- Simplified Chinese: 中国人民解放军宣言
- Traditional Chinese: 中國人民解放軍宣言
- Hanyu Pinyin: Zhōngguó Rénmín Jiěfàngjūn Xuānyán

Standard Mandarin
- Hanyu Pinyin: Zhōngguó Rénmín Jiěfàngjūn Xuānyán

Alternative name
- Simplified Chinese: 双十宣言
- Traditional Chinese: 雙十宣言
- Hanyu Pinyin: Shuāngshí Xuānyán

Standard Mandarin
- Hanyu Pinyin: Shuāngshí Xuānyán

= Manifesto of the Chinese People's Liberation Army =

1947 Chinese Communist Party document

The Manifesto of the Chinese People's Liberation Army, also known as the October 10th Manifesto, is a political declaration published by the Chinese Communist Party (CCP) in the People's Daily in the Shanxi-Hebei-Shandong-Henan revolutionary base area on October 10, 1947. It declared the establishment of the People's Liberation Army (PLA).

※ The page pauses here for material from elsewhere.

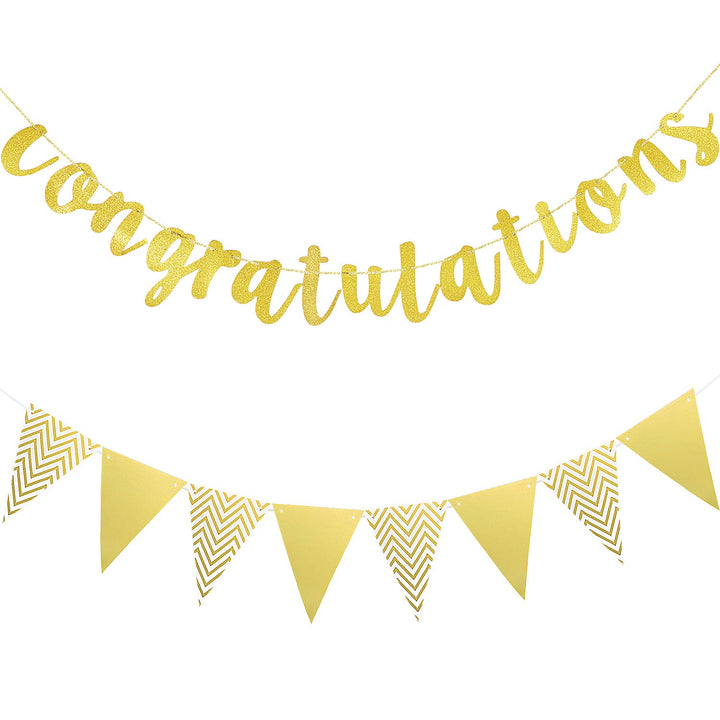 2 Pieces 2020 Gold Congratulations Graduation Banner Triangle Flag Banner Vintage Glitter Congratulations Banner Pennant for Wedding Baby Shower Ceremony Retirement Party Supplies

It was drafted by CCP Chairman Mao Zedong, signed by Commander-in-Chief Zhu De and Deputy Commander-in-Chief Peng Dehuai, and later included in the Selected Works of Mao Zedong.

== Content ==
The declaration analyzed the domestic political situation, put forward the slogan "overthrow Chiang Kai-shek and liberate all of China", and announced the eight basic policies of the PLA. Also published on the same day in the People's Daily of the Shanxi-Hebei-Shandong-Henan revolutionary base area were the "Slogans of the Chinese People's Liberation Army" (a total of 67 items) and the "Instructions of the Headquarters of the Chinese People's Liberation Army on the Re-issuance of the Three Major Disciplines and Eight Points for Attention".